The promise was simple, but the idea couldn’t have been bigger.
Massive open online courses (MOOCs) would make courses from Harvard and MIT available free to anyone with an internet connection.
The world’s poor would finally have access to the same education as American ivy league students, while traditional fee paying higher education would go the way of relics like CDs and sailing ships.
Massive open online education provider Udacity was one of those promising such change. In the past, Udacity’s founder Sebastian Thrun claimed MOOCs would spell the end of the conventional higher education model and transform access to knowledge.
Despite the big promises, retention rates in Udacity courses have been abysmal and those that did make it through were already those with bachelor degrees. Now Udacity has decided to charge money for their certified courses, leaving behind their claims of free quality higher education for all.

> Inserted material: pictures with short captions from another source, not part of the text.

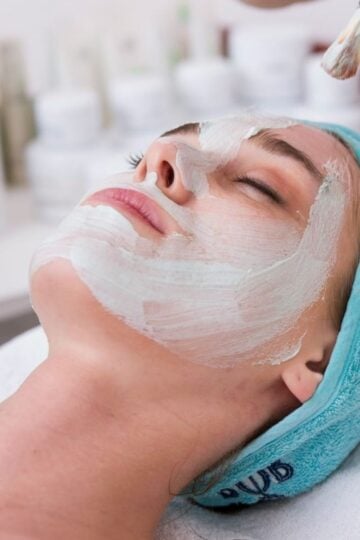 A person lies down with eyes closed, enjoying a cosmetic treatment as a brush applies a white mask to their face; they wear a blue headband—one of many relaxing cosmetic procedures.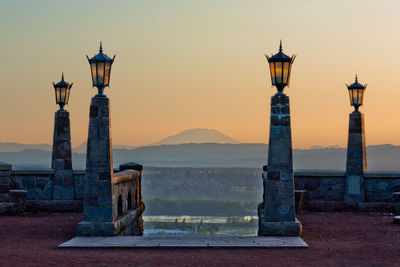 Electric lamps on retaining wall against sky during sunset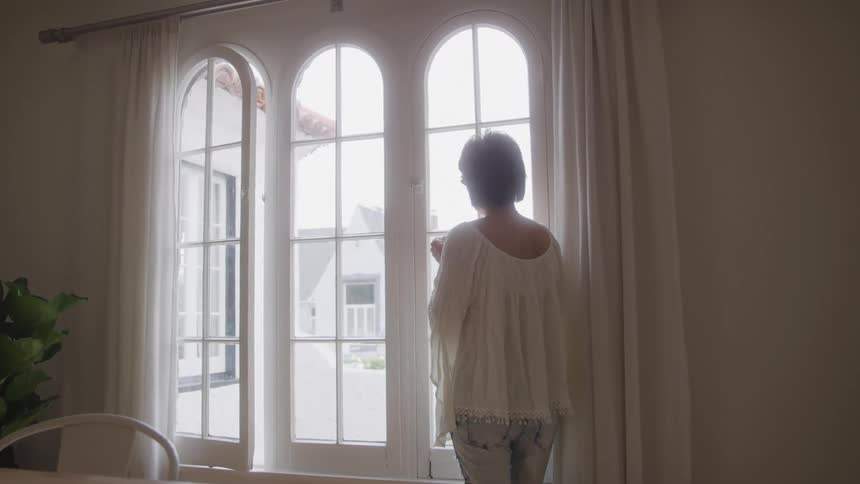 A woman stands with her back to the camera looking out a large arched window with sheer white curtains while a plant and part of a chair are visible in the foreground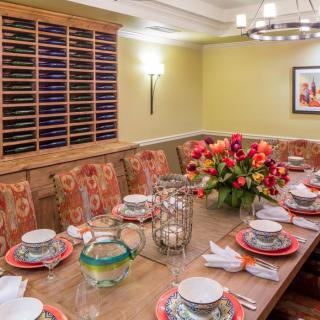 An elegantly set dining table with floral arrangements and upholstered chairs in a warmly lit room.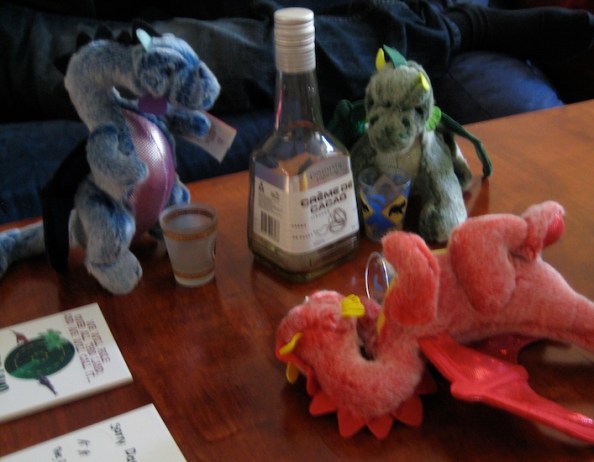Three plush dragons grouped around a mostly empty bottle of Advocat and several shot glasses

As leading technology-enhanced learning expert George Siemens described it: “[Thrun] promised us a bright future of open learning. He delivered to us something along the lines of a 1990s corporate e-learning program.”
Even Thrun himself has now admitted that Udacity is “a lousy product.”
So where did it all go wrong for Thrun and Udacity? And why, when it comes to online education, did we ignore education experts, and listen to Silicon Valley instead?
A cheaper, faster education
Ultimately, the outcome of higher learning cannot be made cheaper and faster any more than you can expect to improve physical fitness if you cut corners at the gym.
While there are myriad products and services claiming a fast, cheap route to fitness, nothing is as effective as time and/or intensity pumping iron or going on the treadmill.
Similarly, if students don’t put in the right kind of work, with the right guidance and expend sufficient cognitive effort, they will not see results.